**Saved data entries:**
BEGIN

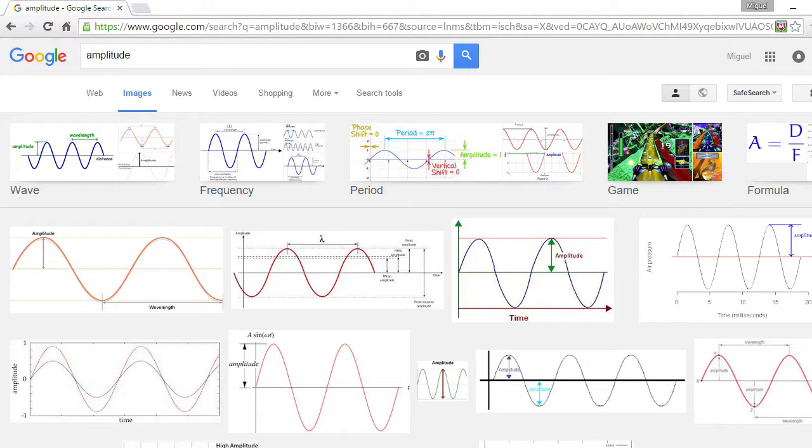First off I'd like to explain, don't worry I'll put little pictures and stuff, it won't be a static screen. I'd like to explain the 7 characteristics of sound. The very first one, well not in a particular order, they all occur simultaneously.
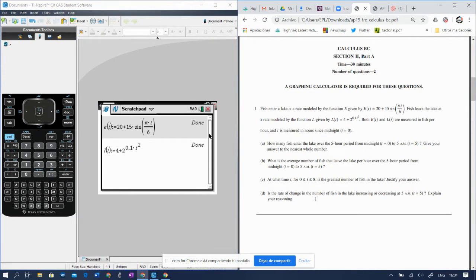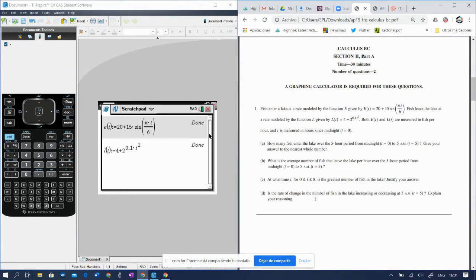Now, they're asking for the increase or decrease of the rate of change. So they're asking about the derivative of the rate of change, and we want to know if the derivative is positive or negative at 5 a.m.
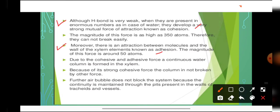Due to cohesive and adhesive forces, a continuous water column is formed in the xylem, and because of strong cohesive force the column is not broken by gravitational forces. Some scientists raised the objection that if a water bubble appears in the column, the water column will break. But Dixon and Jolly discarded this objection by saying that xylem vessels and tracheids are continuous, and the continuity of the water column is maintained through the pits present in the walls of the tracheids and vessels. So even if an air bubble develops, the water column will never break up because of this continuity maintained through the pits.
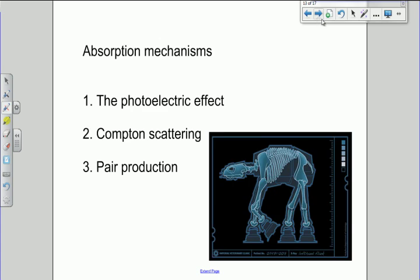So what causes the x-rays to be absorbed? There are three mechanisms that cause x-rays to be absorbed in tissue, or in the body. The photoelectric effect we met last year when we were doing quantum mechanics. Pair production we've met a little bit when we were doing nuclear fusion in stars. Compton scattering we possibly haven't met yet. So we're going to describe these three absorption mechanisms for x-rays.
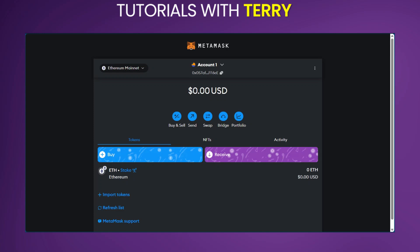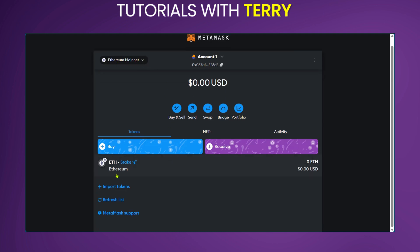Hello guys, in this tutorial we're going to be showing you how to add Toncoin to MetaMask wallet. As you can see, we're on our MetaMask wallet and the network we're using is the Ethereum mainnet.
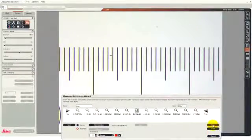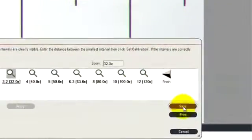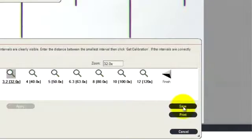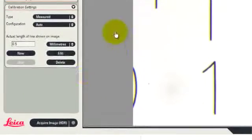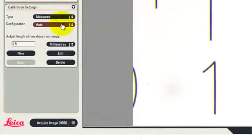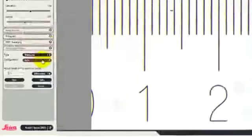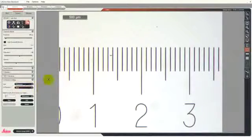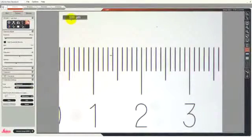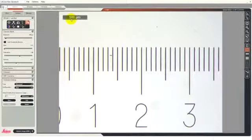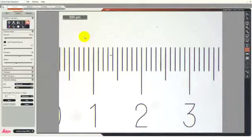At this stage, it's appropriate to save all those calibration values. We now see that we've got the measured calibration selected with the auto configuration, which is the one that I chose. Now we know that whenever we show a scale bar, it matches us exactly to the zoom values of the microscope as we can measure.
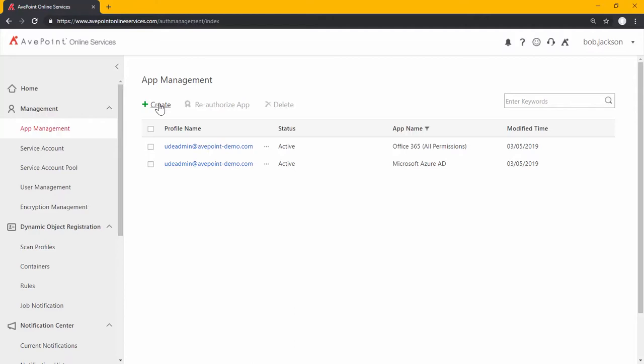We create new apps to connect AppPoint Online Services to Office 365 and other applications in lieu of using a service account for account impersonation. This helps us get additional functionality for our solution and also helps us avoid throttling in Office 365 and other solutions.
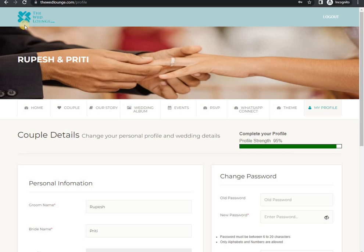Welcome to the Wedlaunch Couple's Digital Invitation. In this video, we will see My Profile tab.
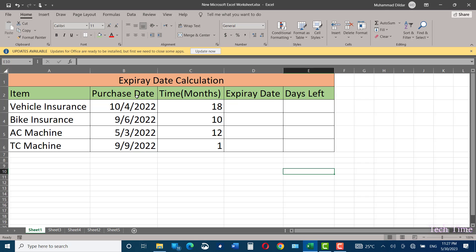Hello everyone, in today's video I'm going to show you how you can calculate the expiry date of a specific item you have purchased in the past and then extend it to find the number of days left before the expiry date is reached.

END

**Exercise goal:**
What you return must match the lines from the top of the data through the line with "Now, they're asking" exactly, with the pictures removed.

**Exercise solution:**
First off I'd like to explain, don't worry I'll put little pictures and stuff, it won't be a static screen. I'd like to explain the 7 characteristics of sound. The very first one, well not in a particular order, they all occur simultaneously.
Now, they're asking for the increase or decrease of the rate of change. So they're asking about the derivative of the rate of change, and we want to know if the derivative is positive or negative at 5 a.m.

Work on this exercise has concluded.